1. A data collection unit that collects user data, A learning unit analyzes the data collected by the aforementioned collection unit and learns the user's preferences and purchase history, A proposal unit that proposes the optimal product based on the information learned by the aforementioned learning unit, The system includes a support unit that provides support for purchasing the products proposed by the proposal unit. A system characterized by the following features.

2. The aforementioned collection unit is We collect data such as social media activity, search history, and purchase history from e-commerce sites. The system according to feature 1.
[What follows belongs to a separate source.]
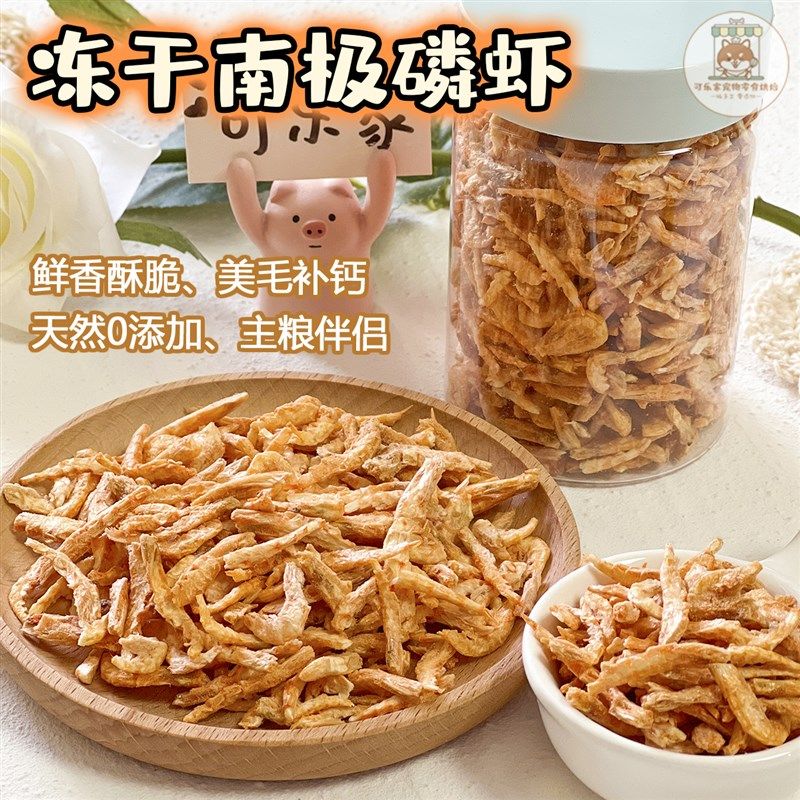 宠物零食冻干南极磷虾狗狗猫咪拌饭粮美毛发腮营养补钙幼小型犬猫,宠物/宠物食品及用品,狗冻干零食,淘宝优惠券,粉丝福利购,淘宝优惠卷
3. The aforementioned proposal section is, Based on the user's purchase history and preferences, we suggest products at the optimal time, tailored to the season and sales periods. The system according to feature 1.

4. The aforementioned support unit is Compare and consider products across different e-commerce sites to select the best product. The system according to feature 1.

5. The aforementioned support unit is The selected products are automatically added to the user's shopping cart on the e-commerce site they are using. The system according to feature 1.

6. The aforementioned support unit is We provide support to help users complete purchases with a single click. The system according to feature 1.

7. The aforementioned collection unit is We estimate the user's emotions and adjust the timing of data collection based on those estimated emotions. The system according to feature 1.

8. The aforementioned collection unit is Analyze the user's past data collection history and select the optimal collection method. The system according to feature 1.

9. The aforementioned collection unit is When collecting data, filtering is performed based on the user's current areas of interest and lifestyle. The system according to feature 1.

10. The aforementioned collection unit is It estimates the user's emotions and prioritizes the data to collect based on those estimated emotions. The system according to feature 1.